In our last commentary we discussed two divergent opinions on the economy. The optimistic view was represented in a recent WSJ poll, where the consensus of economists predicted slow but steady US GDP growth of 2.5% in 2012, with average monthly employment gains of 185,000. The opposing view, presented by the Economic Cycle Research Institute (ECRI), an astute and highly reliable forecasting firm, was that a recession for the US economy was imminent, likely beginning in May or June of this Year (watch a recent ECRI economic update video here). As we stated in our commentary “if the ECRI is correct, it would mean a recession that market participants haven’t anticipated. This outcome would likely produce a dramatic sell-off of stocks.”
Data over the past few months clearly favor the ECRI position. Even though employment growth is a lagging indicator, it is now clearly trending lower. GDP growth has slowed from 3% in the 4th quarter of 2011 to 1.9% in the 1st quarter of this year. This lagging data does not yet reflect the impact of a worsening situation in Europe and signs of a slowdown in China. Finally, stresses from sovereign EU debt have returned in full force. Rates on the Spanish 10 year are back near 2011 highs, while the Italian 10 year is again flirting with the 6% rate. These along with a confluence of deteriorating economic data suggest that a largely unanticipated economic slowdown is playing out and the risks of a more significant decline in risk assets are high.

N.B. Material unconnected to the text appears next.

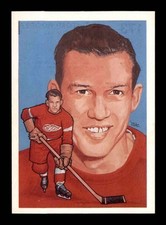 1987 Cartophilium HOF #174 Syd Howe   NM+ X3427423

While data could improve over coming months and turn stocks higher, we feel strongly that adding risk management strategies to portfolios in this environment is prudent and desirable.
Current Toews Positions:
US Stocks: 100% cash
HY Bonds: 100% cash
International Developed Stocks: 100% cash
Emerging Markets’ Stocks: 100% cash
For advisors who wish to add risk management strategies to portfolios, we recommend quick implementation.
The key to successful hedging is to exit assets in the early stages of a decline, before realizing substantial losses. This is one of the most important characteristics of our tactical model. Once substantial losses are realized and clients are emotionally motivated to exit stocks, implementing tactical strategies creates a dilemma: exit markets and realize losses, protecting against more declines but increasing the risk of selling near a bottom, or continue to hold long positions betting that markets will rebound while risking additional losses and increased client frustration. The longer one waits to implement the hedging strategy, the more pronounced the two sides of this dilemma become. We believe that we are in the early stage of this decline and investors who implement hedging strategies now may still avoid the worst of a decline should markets deteriorate from here.

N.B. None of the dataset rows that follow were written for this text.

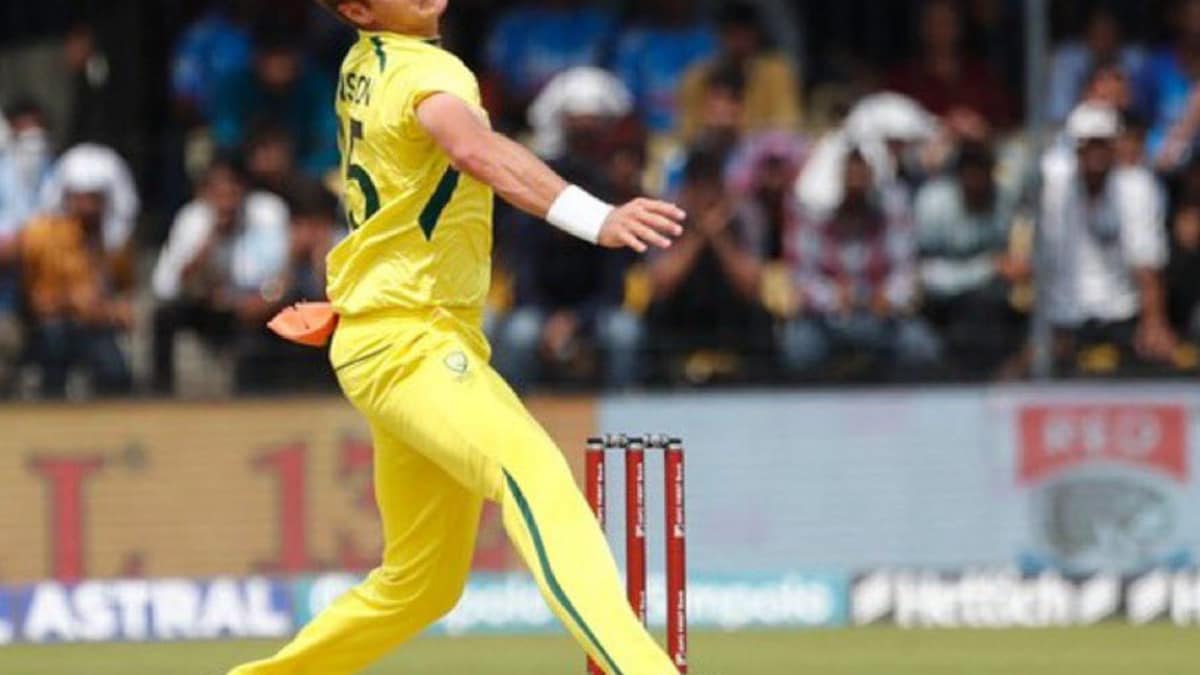 You are currently viewing Spencer Johnson Added To Australia's Squad For T20Is Against New Zealand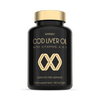 SuperSelf cod liver oil 2000mg 60 softgels - British product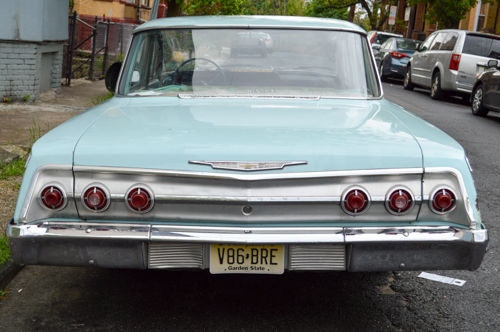 1962 Chevrolet Impala - photo 5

Phillip R. Toews, President/CEO
Disclosure
Prior performance is no guarantee of future results. There can be no assurance, and individuals should not assume, that future performance of any of the portfolios referenced will be comparable to past performance. There can be no assurance that Toews will achieve its performance objectives.

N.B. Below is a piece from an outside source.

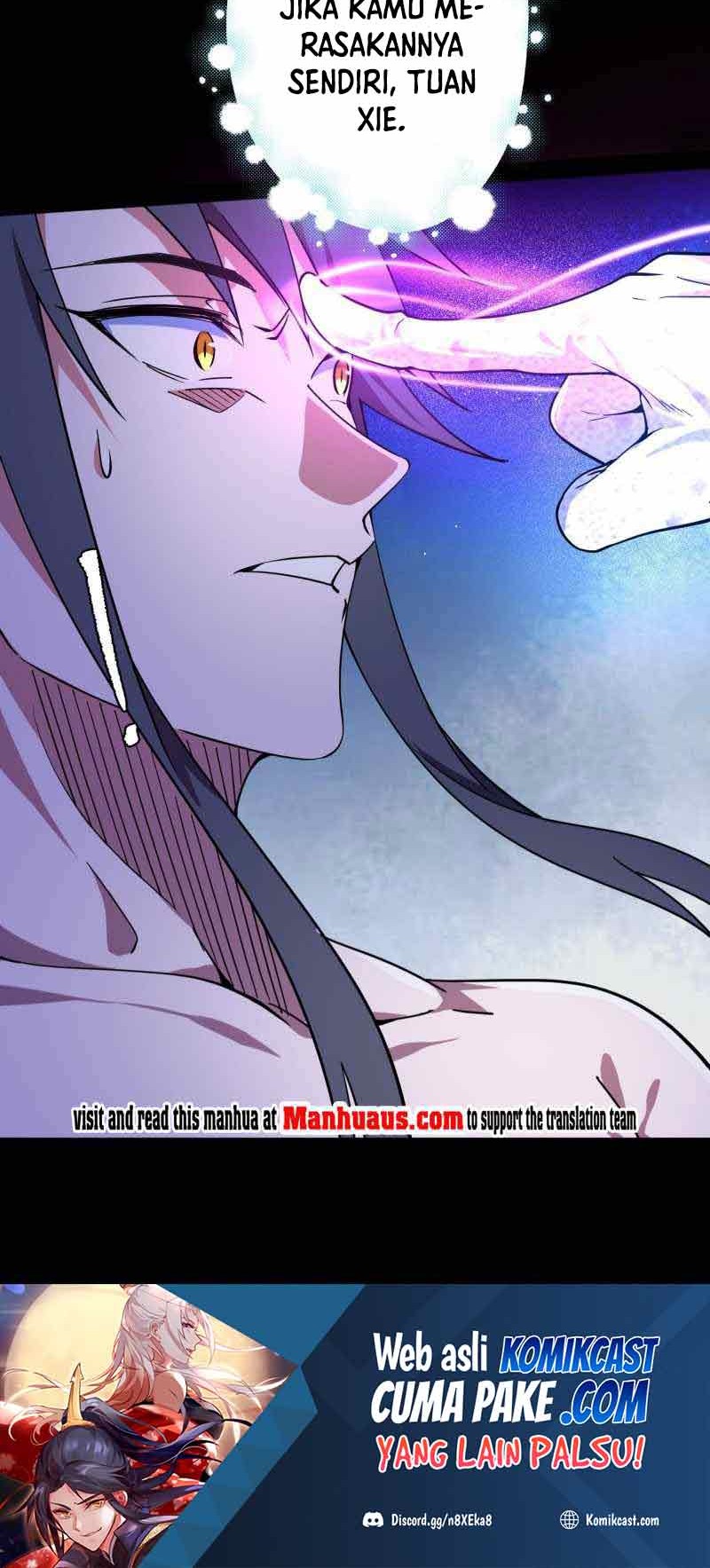 I’m An Evil God Chapter 193.2 - halaman 31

This commentary may include forward-looking statements. All statements other than statements of historical fact are forward-looking statements (including words such as “believe,” “estimate,” “anticipate,” “may,” “will,” “should,” and “expect”). Although we believe that the expectations reflected in such forward-looking statements are reasonable, we can give no assurance that such expectations will prove to be correct. Various factors could cause actual results or performance to differ materially from those discussed in such forward-looking statements.
This commentary is intended to provide general information only and should not be construed as an offer of specifically-tailored individualized advice. Please contact your investment adviser, accountant, and/or attorney for advice appropriate to your specific situation.
This document refers to the performance of the majority of Toews portfolios to illustrate the effect of Toews management on US and intl. stocks and high yield bonds. Performance of individual accounts varied based on the client’s investment risk profile and their specific investment funds. For your individual account performance, please refer to the enclosed quarterly statement or the quarterly statement recently sent to you. In addition, not all model portfolios were referenced in this letter. It is not, nor is it intended to be, a comprehensive accounting of Toews asset management. There are other portfolios that Toews manages that performed differently than what is referenced in this letter.